双膝接触地面以支撑身躯,乃直立行走之进化后果。若站不起来,就无所谓跪将下去。对于非直立行走的动物来说,跪下大概只意味着累了,歇歇脚,相当于人之跷二郎腿,非但毫无尊重臣服之意,反而有些轻浮。

如果不是返祖现象的话,下跪这个动作,就是人类从鸟兽那里有样学样而来的。“乌以反哺,托体太阳;羔以跪乳,为贽国卿。禽鸟之微,犹以孝宠”( 蔡邕《  为陈留太守奏上孝子程末事表  》)。然而,“上跪天地,下跪父母”由一种象征性的孝行成为中华礼制的一个程序化主流姿势,并非毫无争议。

有异议者相信,下跪以及连带而来的磕头实际是北方少数民族原创,经北方汉人而流入南方。理由是:“南方潮湿,到处是泥,古代又没有什么柏油、水泥可以把地面弄干净,自然条件似乎不适于养成下跪的习惯。南方人见了尊长显贵,无非打个拱手,作个揖,唱个大喏便是。而北人就不一样,纳头便拜。北方地面干燥,拜完起身拍拍膝盖上的灰土,又可以清清爽爽站成一个模样。”

玄武门兵变之后,“上乃召世民,抚之曰:‘近日以来,几有投杼之惑’。世民跪而吮上乳,号恸久之”(《  资治通鉴  》卷第一百九十一 )。为了安抚父亲并表示自己的孝心,李世民把李渊当成“超级奶爸”,据信是对“牛羊跪乳”直接模仿的古鲜卑遗风,元代之后才由中原传入南方。

《  文山先生全集  》卷十七说文天祥被解至元大都,丞相博罗召见,文天祥“长揖”而不跪,通事( 翻译 )命他跪,文天祥答曰:“南之揖,即北之跪,吾南人,行南礼毕,可赘跪乎?”

所谓“北跪南揖”,义正辞严的诡辩也,不妨视之为一种以身体的政治正确来保持政治正确的策略。

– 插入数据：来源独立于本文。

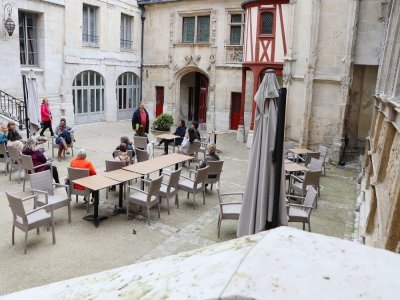 L'hôtel Bourgtheroulde, est un bijou architectural de style Louis XII, situé dans le cœur historique de Rouen.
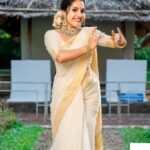 Amrutha Nair Instagram - ഒരിക്കൽ നിന്റെ പ്രണയം സ്വപ്നമായിരുന്നു ഇന്ന് നിന്റെ പ്രണയം എനിക്ക് സ്വന്തമായിരിക്കുന്നു പ്രാണൻപോലെ പ്രീയപ്പെട്ടതാകുന്നു… 📸 @vipinjkumar Attire @saanshi_handloom_kuthambully MUA @blushingtone_by_veenavineeth #trending #instagram #instalove #instagirls #sativiansmedia #mallugram #keralaattraction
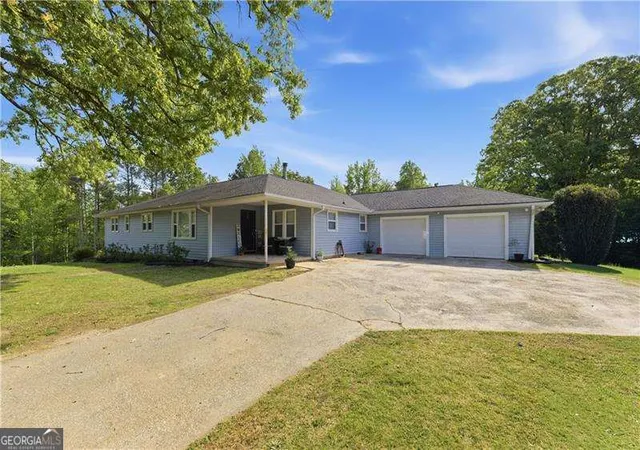 2nd image of 645 Clyde Cole Rd, Dallas, GA 30157 | MLS# 10811238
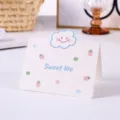 Linda tarjeta de regalo de dibujos con nube azul y texto Sweet life para el Día del Niño - Estilo Nube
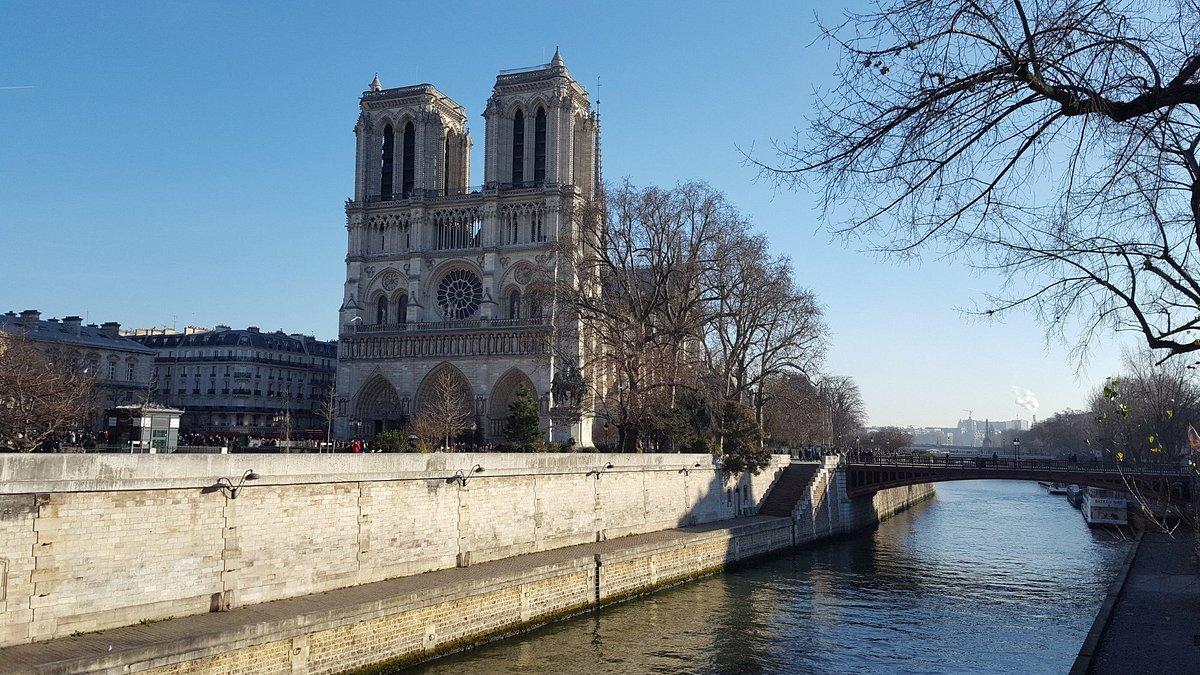 다리 중앙, 노트르담 대성당 방향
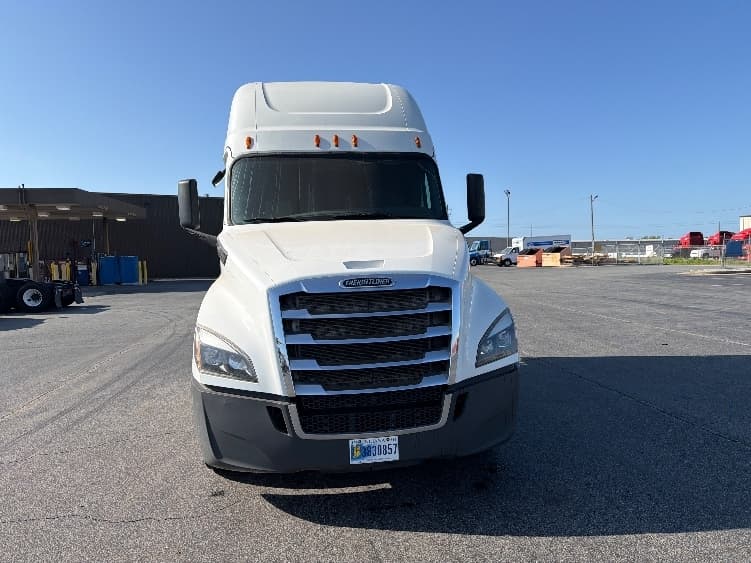 2020 Freightliner Cascadia — photo 2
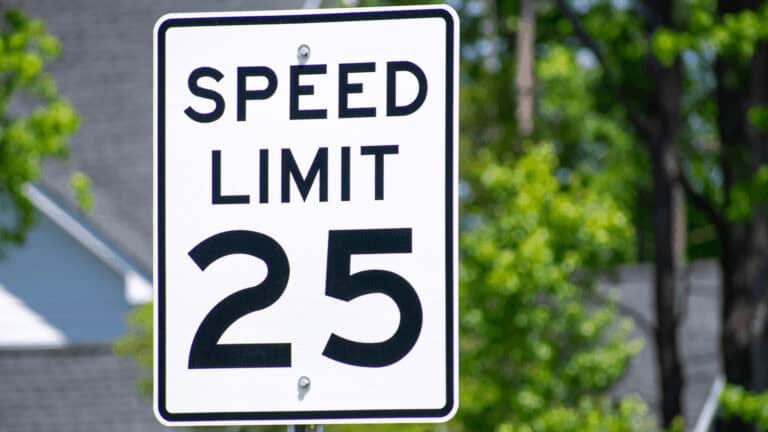 Nueva ordenanza reduce el límite de velocidad en Memphis de 30 MPH a 25 MPH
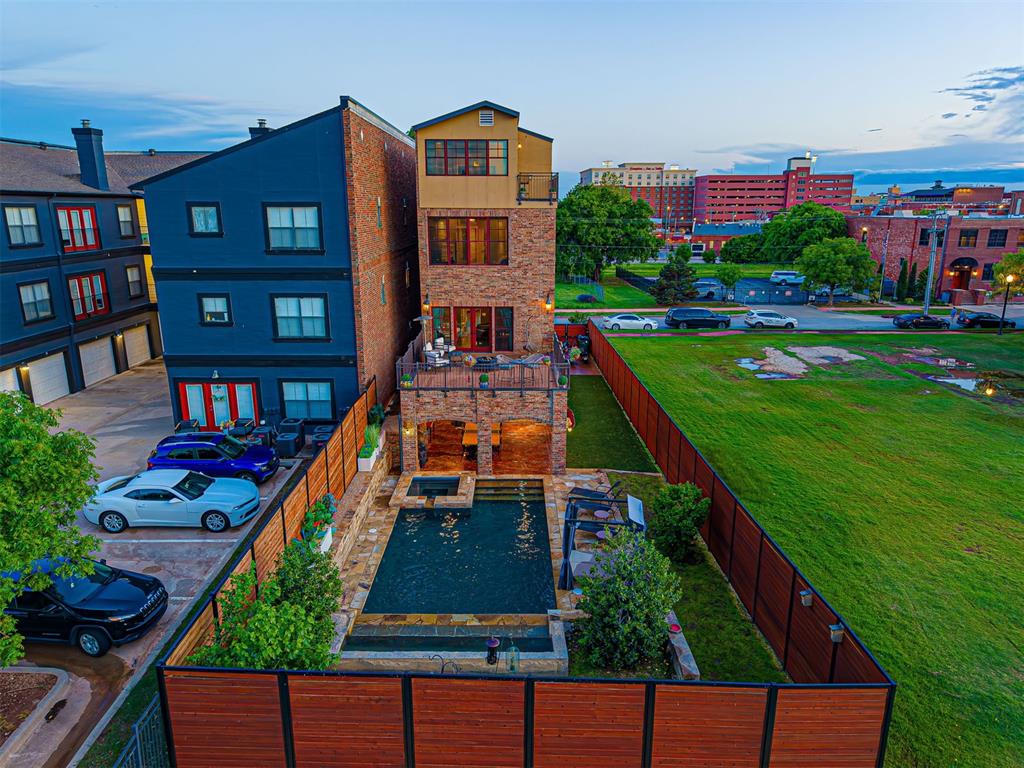 319 NE 1st Street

然而许多年以后,跪拜一事终究还是从南北分裂演变为东西对抗,成为另一版本“夷夏之别”的一个重要指针。1793年,为了免向乾隆行三跪九叩这种“野蛮人或异教徒的礼仪”,不远万里来到中国的英使马戛尔尼( Lord Macartny )在清朝官员及乾隆面前以“单膝下跪”还是“双膝下跪”为技术性掩护,重复了一场文天祥式的诡辩。

今之视昔,“单膝下跪”( get down on one knee )和“双膝下跪”( get down on one’s knees ),与其说是外交礼仪之争,其实更像一场无聊的文字游戏。

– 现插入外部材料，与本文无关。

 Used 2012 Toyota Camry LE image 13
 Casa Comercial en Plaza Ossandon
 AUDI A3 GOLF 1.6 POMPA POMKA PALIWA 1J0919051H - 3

鲁迅先生在讨论翻译问题时,曾以“跪下”是否要译作“跪在膝之上”以及“天河”是否要译作“牛奶路”为例,指出处理该等译文需“不像吃茶淘饭一样几口可以咽完,却必须费牙来嚼一嚼”。我个人的咀嚼结果是,在一个客体面前采取跪姿,不论礼仪的象征性还是道德之内涵,仅以人体工程学观之,最基本最直观的功能,无非就是使主体在物理高度上显得比客体要低。故不管“北跪南揖”,“单膝下跪”还是“双膝下跪”,功能上都是要让自己显得比对方矮半截。

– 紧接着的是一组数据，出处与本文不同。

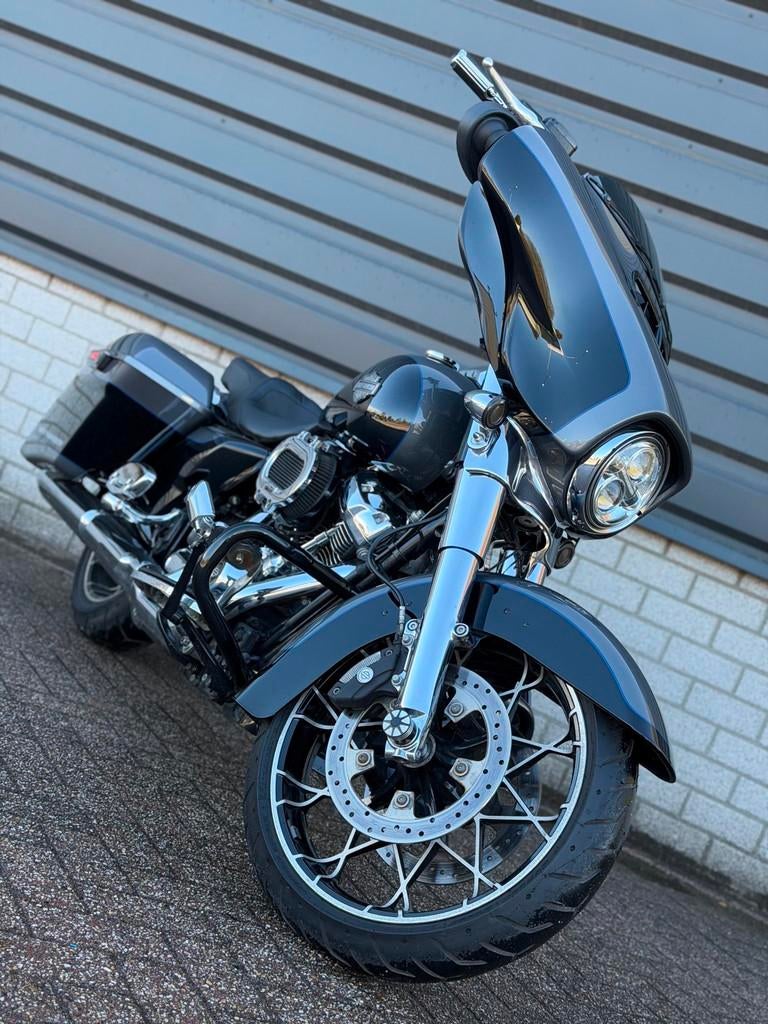 Harley Davidson FLHXS Street Glide Special 114 two Tone Chro - foto 2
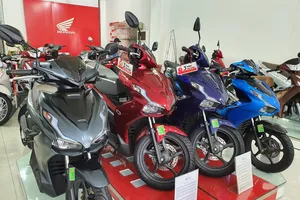 Honda Air Blade có giá chỉ hơn 38 triệu đồng dịp cuối năm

据《  事林广记  》:“凡揖人时,则稍阔其足,其立则稳。揖时须是曲其身,以眼看自己鞋头,威仪方美观。揖时亦须直其膝,不得曲了,当低其头,使手至膝畔,又不得入膝内。揖时须全出手,不得只出一指,谓之鲜礼。揖尊位,则手过膝下,喏毕,以手随时起,叉手于胸前也。”可见“曲身直膝”也好,“曲一膝,曲双膝”抑或“身膝俱曲”也罢,皆是以身体高度上的差异来体现等级、尊卑和权力的秩序,对于施礼者而言,共同的潜台词就是——I服( 伏 )了You!

I服了You!(2)

揖和跪最本质的不同之处,在于后者丰富的互动性及其给主客双方带来的高度快感。被跪方的快感,来自于对下跪姿势予以还原或是保持的决定权。以近来备受争议的麦当劳“下跪”广告为例,卖方的快感得自于以“365天的优惠”之承诺向那个“因错失良机而心痛的下跪猥琐男”下达“平身”命令之权力;下跪方则以运用这一体位而达到某种诉求为乐。“跪求”者,可求助、求命、求财( 请求延长打折期 )、求爱——阿Q在向吴妈提出“我和你困觉,我和你困觉!”的要求时,不也“忽然抢上去,对伊跪下了”吗?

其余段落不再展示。